Just a note. I have epilepsy, and chronic dry mouth. I was told to use sugar free gum (xylitol) for my dry mouth problem, and my neurologist said NOTHING about xylitol interacting with my (two) medications. He was more concerned about my lack of a gall bladder and it potentially causing stomach ulcers, diarrhea, etc.. If you plan to continue to make that BS claim about interactions with anti-convulsants I suggest you post a link to articles in either the AMAJournal or TheLancet, not to pages that share your opinion, and have no basis in actual fact. It is Aspertame that may cause interactions with epilepsy medications.
Sarah Pope MGA
Please read this article on xylitol again. There are ZERO gold standard, placebo controlled studies on the safety of xylitol.
Searches in the medical literature turned up the following:
Epidemiology: No information found
Teratogenicity: No information found
Reproductive Effects: No information found
Mutagenicity: No information found
Neurotoxicity: No information found
It seems your doctor is happy with his patients being guinea pigs.
By the way, did your doctor mention the health issues that can result from chewing gum all the time? https://www.thehealthyhomeeconomist.com/the-sticky-truth-about-chewing-gum/
Your cognitive dissonance doesn’t make the information in this article untrue 🙂
Can anyone then recommend a safe and effective fluoride-free toothpaste for children? (Children who still swallow the toothpaste as well as older kiddos)? There doesn’t seem to be a truly safe product out there without sugars, colors, fluoride, glycerin, etc.
I recently bought a tooth powder on Amazon that you might be interested in. It’s called “Uncle Harry’s All Natural Tooth Powder”
These are the ingredients:
Calcium carbonate (natural chalk), sea salt, mustard seed powder, essential oils of peppermint, eucalyptus, clove, wintergreen, and oregano.
Apparently it is a bit spicy, perhaps your children would only need a little bit. It is a powder but you can essentially use as a paste.
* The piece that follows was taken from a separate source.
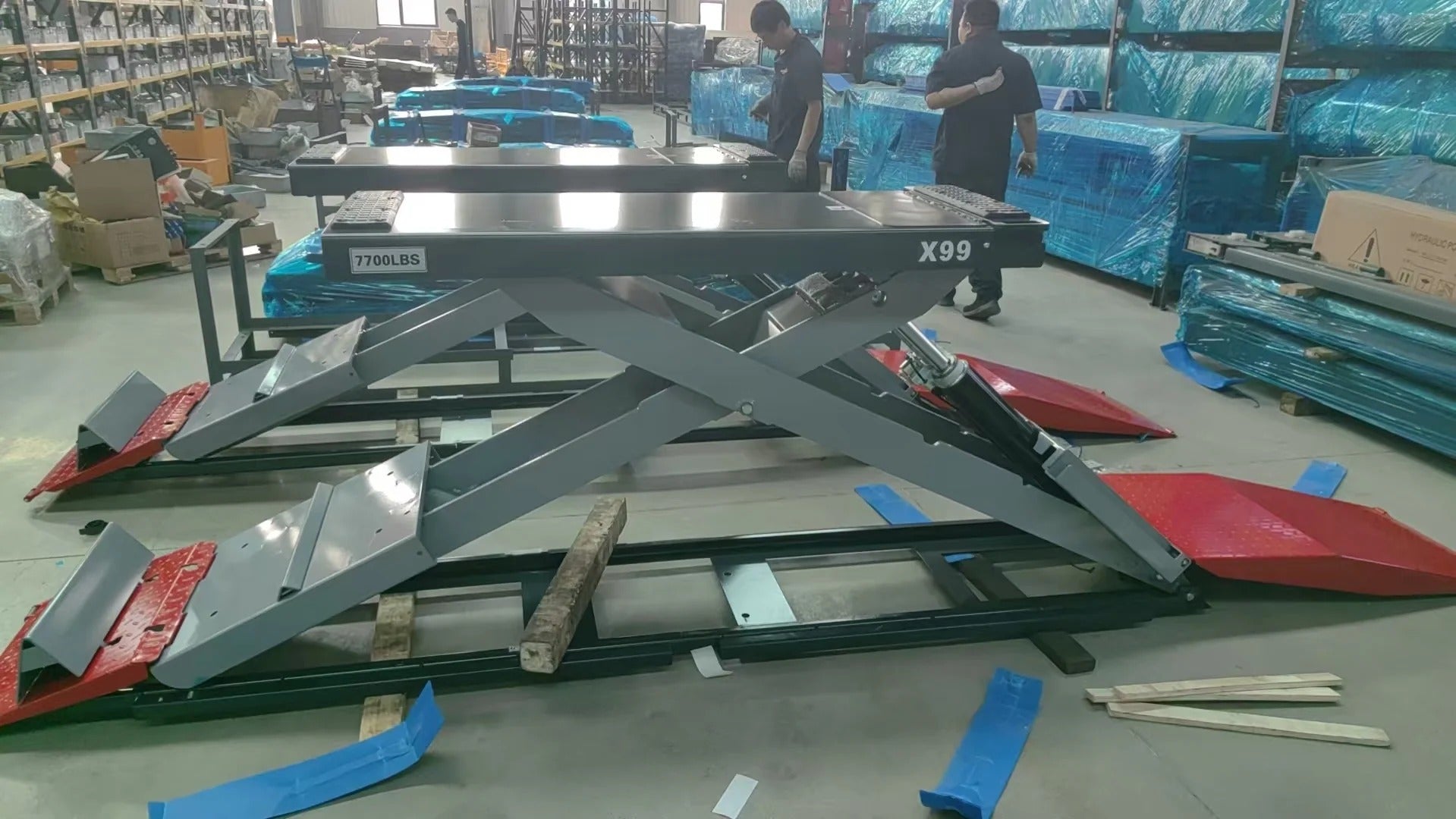 Katool KT-X99 7,700 lb Full-Rise Scissor Lift for Professional Shops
Squigle Sensitive Toothpaste has no flavorings or fluoride and other bad stuff, and a lot of xylitol. Since it is spit out it isn’t an issue
Just be sure it comes from Birch…
HOW DOES XYLITOL WORK?
Xylitol prevents caries in several ways. First, it interferes with the bacteria’s ability to produce acid. Second, it blocks communication between bacteria so they stop producing the polysaccharide slime that holds the biofilm together. Third, it raises the pH of the mouth. Cariogenic bacteria prefer living in a low pH environment and produce the acid that demineralizes enamel. In the presence of xylitol, the bacteria stop producing acid and the polysaccharide slime that holds the biofilm together, and they simply slide off the teeth. In the presence of sugar, bacteria thrive, produce acid and stick to the teeth. Bacterial numbers are significantly reduced in the presence of xylitol. Xylitol promotes an alkaline oral environment which is conducive to oral health.